Peanuts: Undersize fish (shorter than 20 inches fork length), typically found in very large numbers
Schoolies: A mix of fish just above or below the 20-inch fork length, but found in large schools
Lifters: Eight- to 15-pound fish that don't quite warrant the gaff
Gaffers: Quality fish in the 20- to 30-pound range
Slammers: Trophy fish that are generally in the 40-plus-pound range
Males, called bulls, generally grow at faster rates and eat more than females (cows) do. The largest dolphin are always bulls.
The maximum life span of the common dolphin is four years, but 98 percent will not live past two years.

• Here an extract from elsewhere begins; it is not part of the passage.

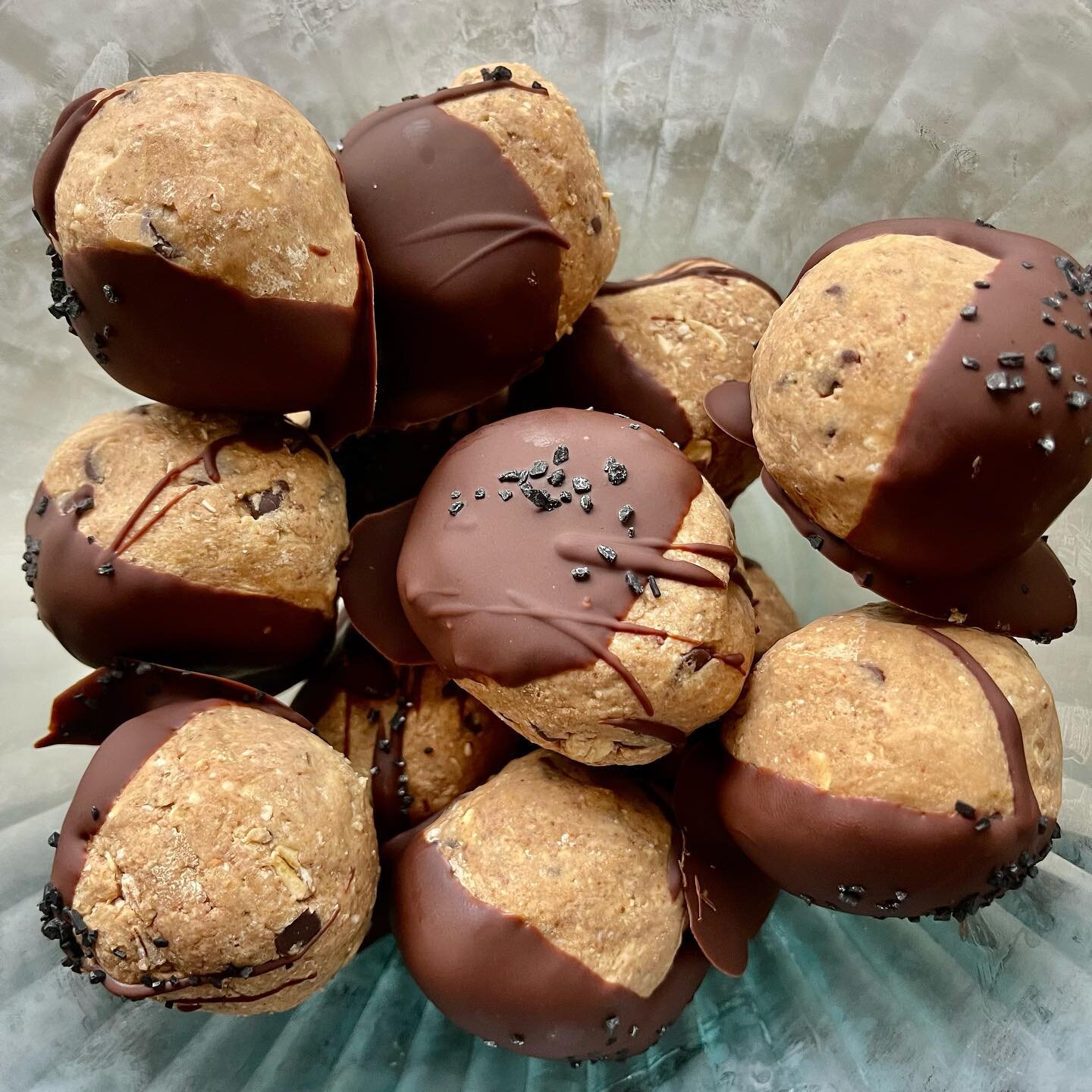 Friday night festivities included making cookie dough protein balls, dipped in chocolate, topped with sea salt&hellip; ⁣
⁣
recipe yields about 32 balls and it&rsquo;s a must share!⁣
⁣
Guesstimates: a little over 2 cups of blended oat flour (made by b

To guess at the age of a fish, consider its length rather than weight. A 6-month-old dolphin could range from 19 inches to 28 inches, a one-year-old could range anywhere from 23 inches to 55 inches, and two-year-olds range from 31 to 55 inches. There's plenty of overlap when it comes to age.
A less-well-known dolphin called the pompano dolphin, Coryphaena equiselis, is distinguishable from the common dolphin by body depth: The depth of the common dolphin is less than 25 percent of its standard length, while the pompano dolphin's body depth is greater than 25 percent, according to Florida Museum of Natural History. The pompano dolphin also has a large, square tooth patch covering most of the width of the tongue.
All dolphin reach sexual maturity within a year of growth, sometimes as early as four to five months, or 8 inches in length. And they're not picky about spawning regularly, as evidenced by the presence of ripe females and larva in waters of the tropics, Florida and the southern Gulf of Mexico all year. Still other areas, such as North Carolina, see spawning fish at least certain times of the year.